Ø  Untuk menjadikan Ibu, maka wanita diciptakannya menjadi IBU dan pria diciptakannya menjadi BAPAK, dan karena itu Weda akan diabadikan oleh dharma yang harus dilakukan oleh wanita – Pria sebagai pasangan suami istri.

Ø  Hendaknya supaya hubungan yang setia berlangsung sampai mati, singkatnya ini dianggap hukum yang tertinggi sebagai pasangan suami istri.
( Weda Smrti IX.101)

Ø  Hendaknya laki laki dan perempuan yang terikat dalam tali perkawinan mengusahakan untuk tidak jemu jemunya supaya mereka tidak bercerai dan jangan melanggar kesetiaan antara yang satu dengan yg lainnya.
( Weda Smrti IX.101 )       

 

          Berdasarkan kutipan sloka tersebut diatas jelaslah behwa perkawinan menurut hukum agama Hindu adalah terbentuknya sebuah keluarga yang berlangsung sekali dalam seumur hidupnya.

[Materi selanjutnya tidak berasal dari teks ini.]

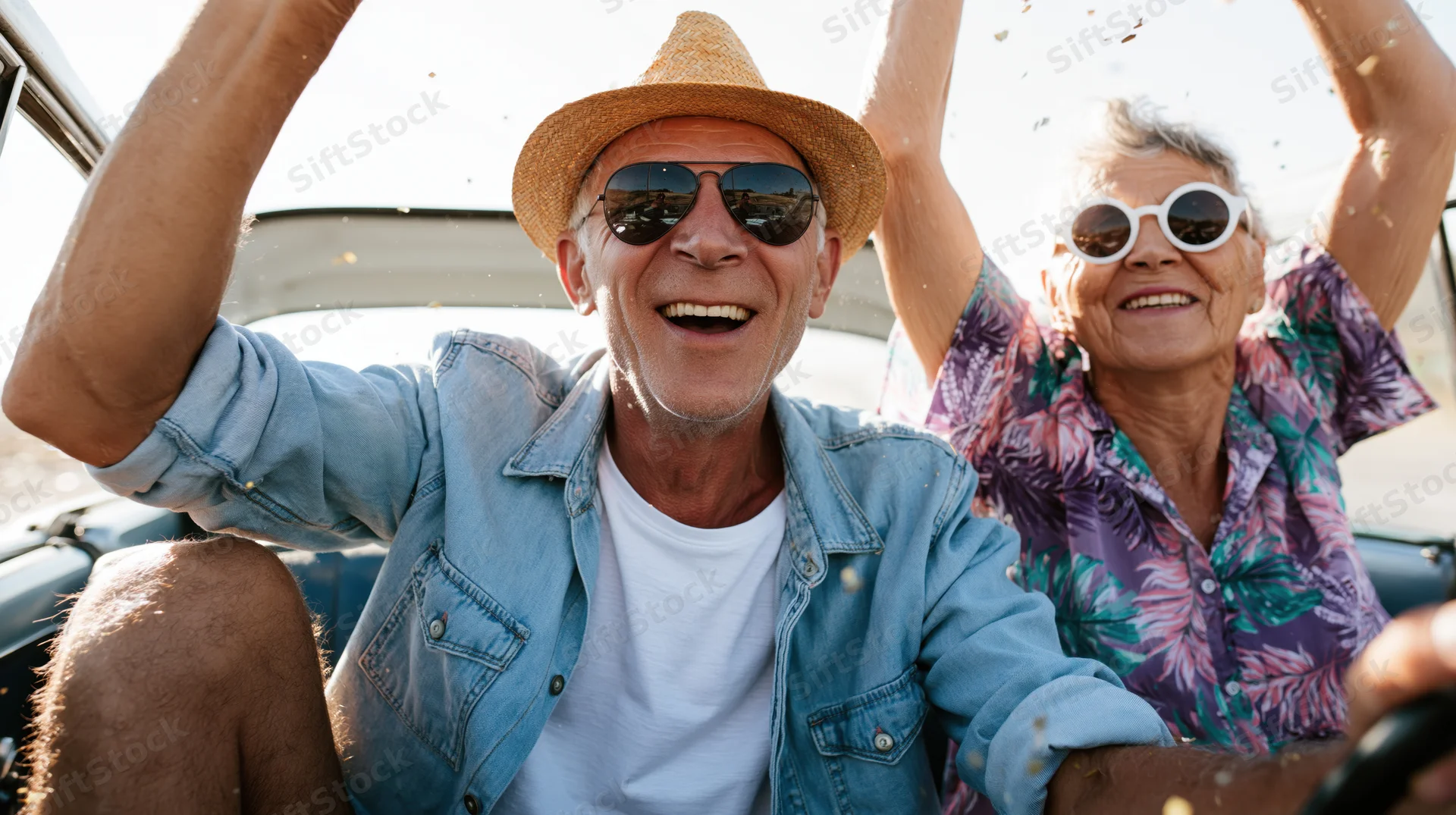 Senior couple smiling with arms raised while driving in a vintage convertible car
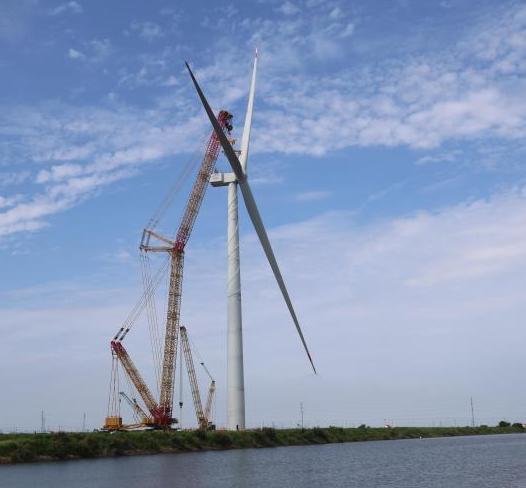 單機年發電量1億度！全球最大海上風電機組完成吊裝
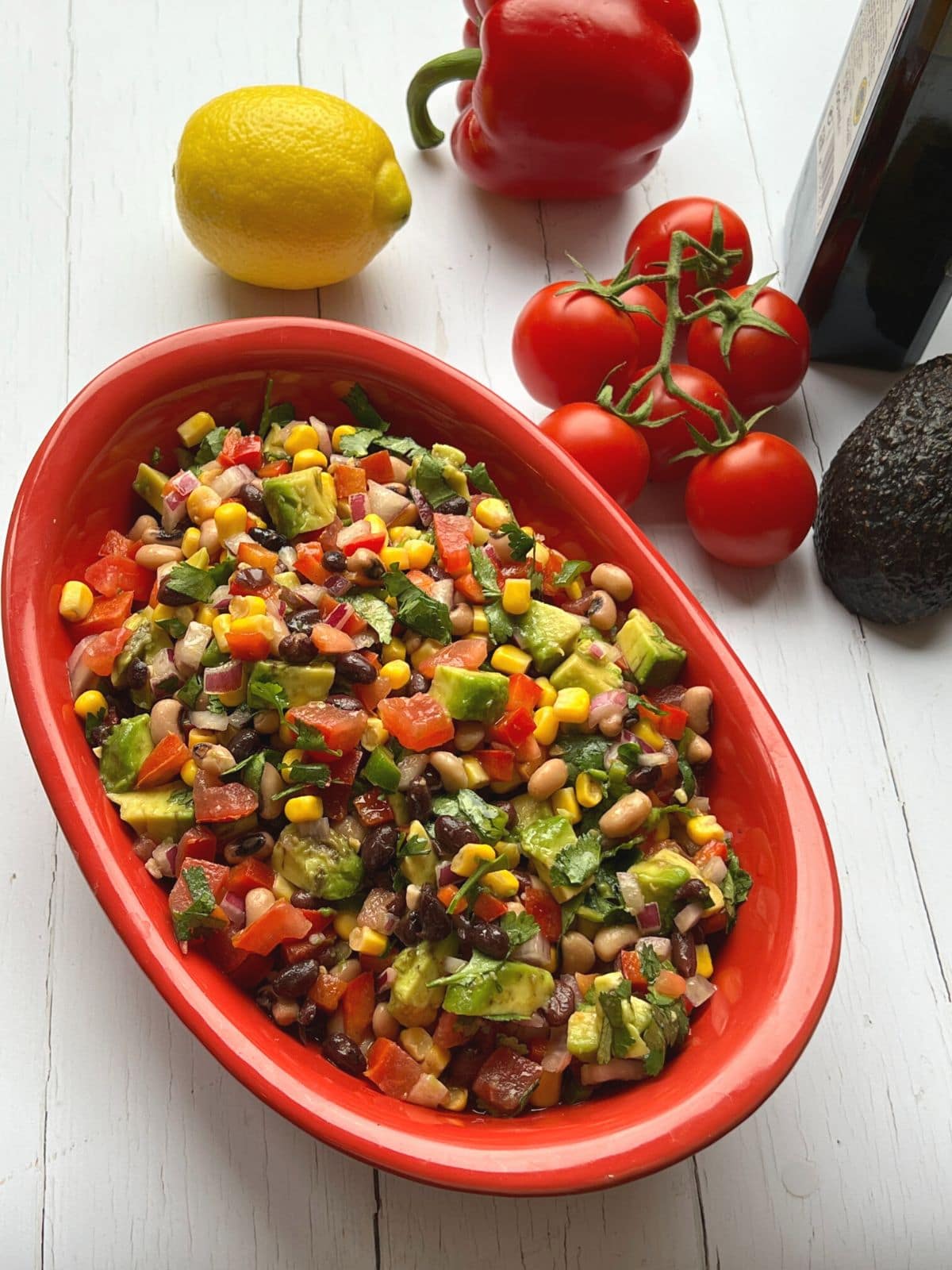 Cowboy salsa in red bowl on white table.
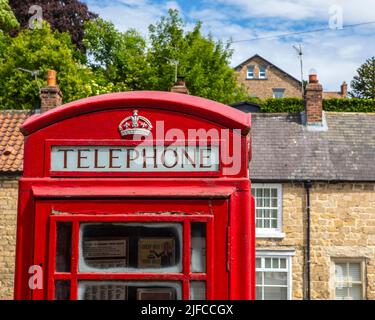 Pickering, Großbritannien - 9. 2022. Juni: Eine traditionelle rote Telefondose auf dem Bahnsteig am Pickering Bahnhof in der Stadt Pickering in North Yorkshir Stockfoto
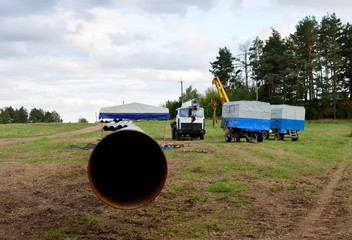 Sections of pipe on top of wooden supports at an construction site for natural gas. Construction...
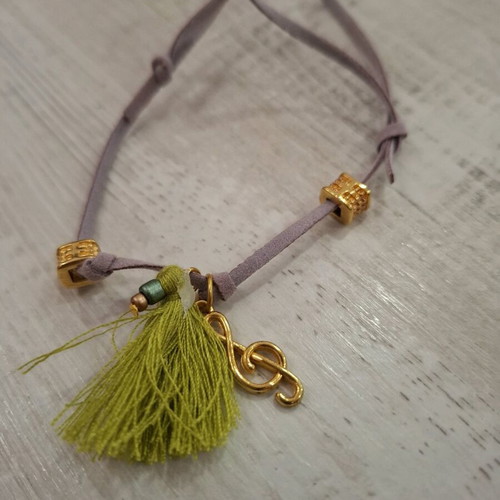 Bracelet with treble clef music note like new, multicolor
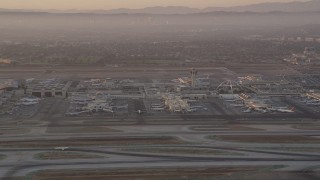 AX69_007 - 4.8K aerial stock footage of terminals and control tower at LAX at sunset, Los Angeles, California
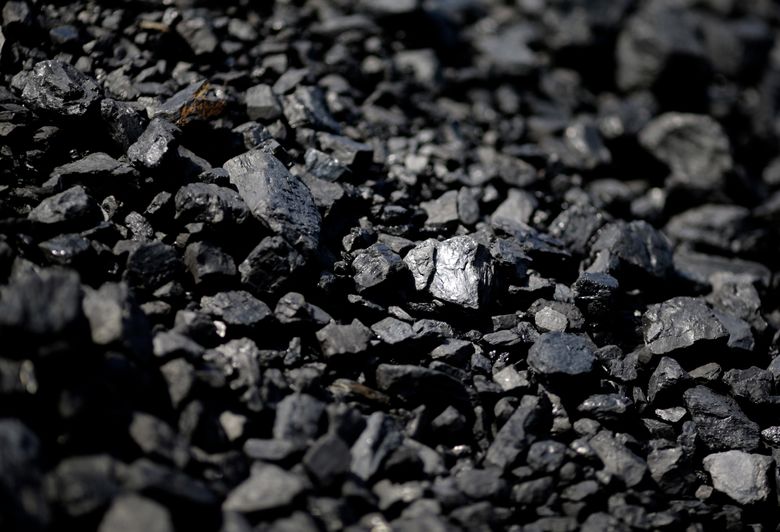 In this May 22, 2014, file photo, sunlight reflects off of a chunk of coal at Dominion Terminal Associates' coal terminal in Newport News, Virginia. — Photograph: Patrick Semansky/Associated Press.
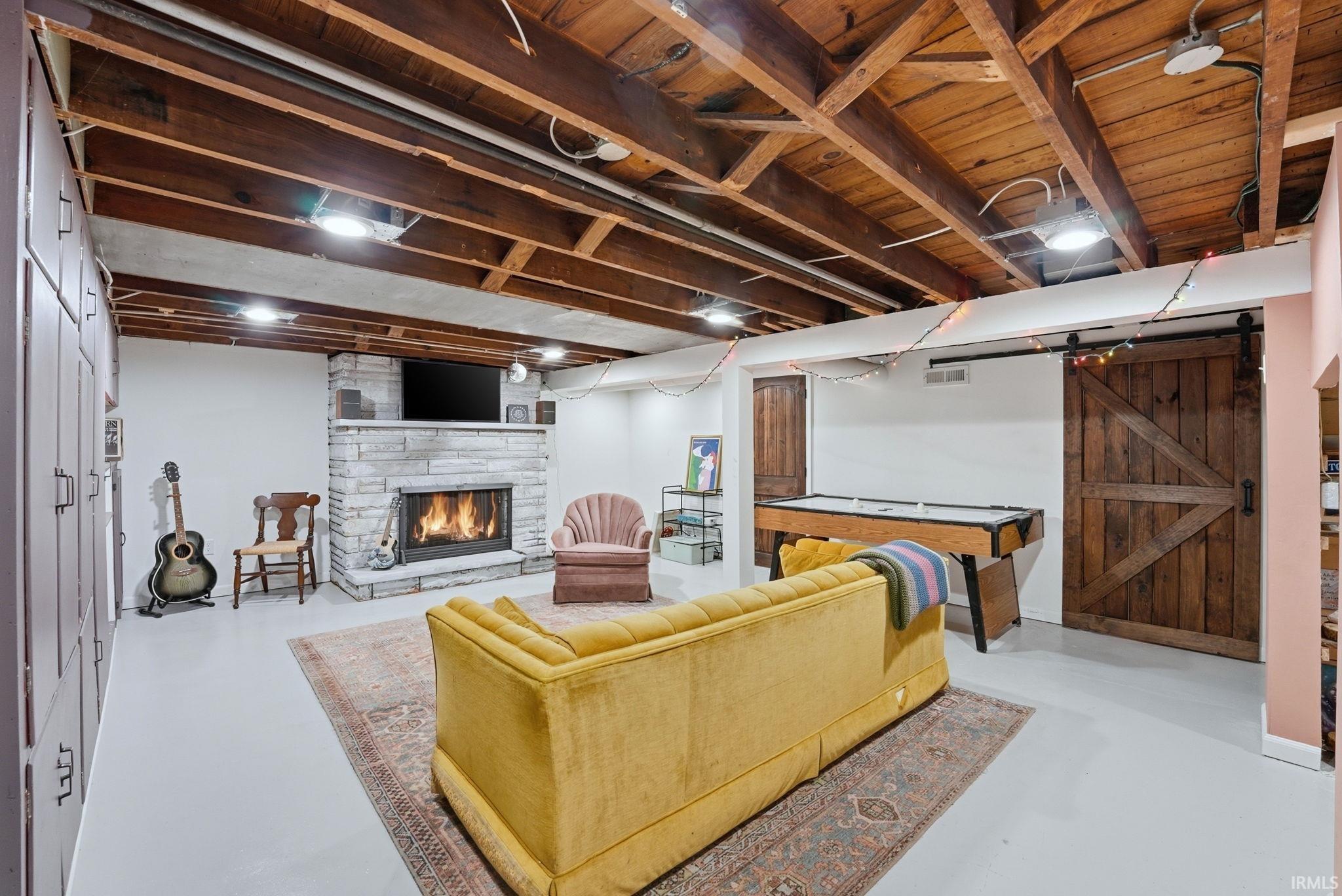 Living area featuring finished concrete floors, a barn door, and a stone fireplace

Keluarga (rumah tangga) bukan semata mata tempat berkumpulnya laki laki dan perempuan sebagai pasangan suami istri dalam suatu rumah, namun sesungguhnya terbinanya suatu kepribadian, ketentraman lahir dan bhatin, hidup rukun, damai dalam upaya menurunkan tunas muda (suputra / suputri).

 

 

 

 

 

 



D. Perkawinan menurut UU No 1 tahun 1974

 

          Dalam bab I pasal 1.menyebutkan bahwa perkawinan adalah ikatan batin antara seorang pria dan seorang wanita sebagai suami istri dengan tujuan untuk membentuk keluarga bahagia dan kekal berdasarkan ketuhanan Yang Maha Esa. Kemudian dalam pasal 2 menyebutkan, perkawinan adalah sah apabila dilaksanakan menurut hukum masing masing, hukum agamanya dan keper-cayaannya itu.        
          Berumah tangga dalam masyarakat Hindu dipersepsikan kedalam Tri Hita Karana, yaitu keselarasan (keharmonisan) hubungan yang menyebabkan kebahagiaan yang meliputti keserasian hubungan manusia dengan Tuhan (parhyangan), keserasian hubungan antara manusia dengan manusia (Pawongan) dan keserasian hubungan manusia dengan alam semesta lingkungan (Palemahan) dengan demikian konsep rumah tangga menurut Hindu mengajarkan hubungan yang seimbang diantara tiga sumber kesejahteraan dan kedamaian ini.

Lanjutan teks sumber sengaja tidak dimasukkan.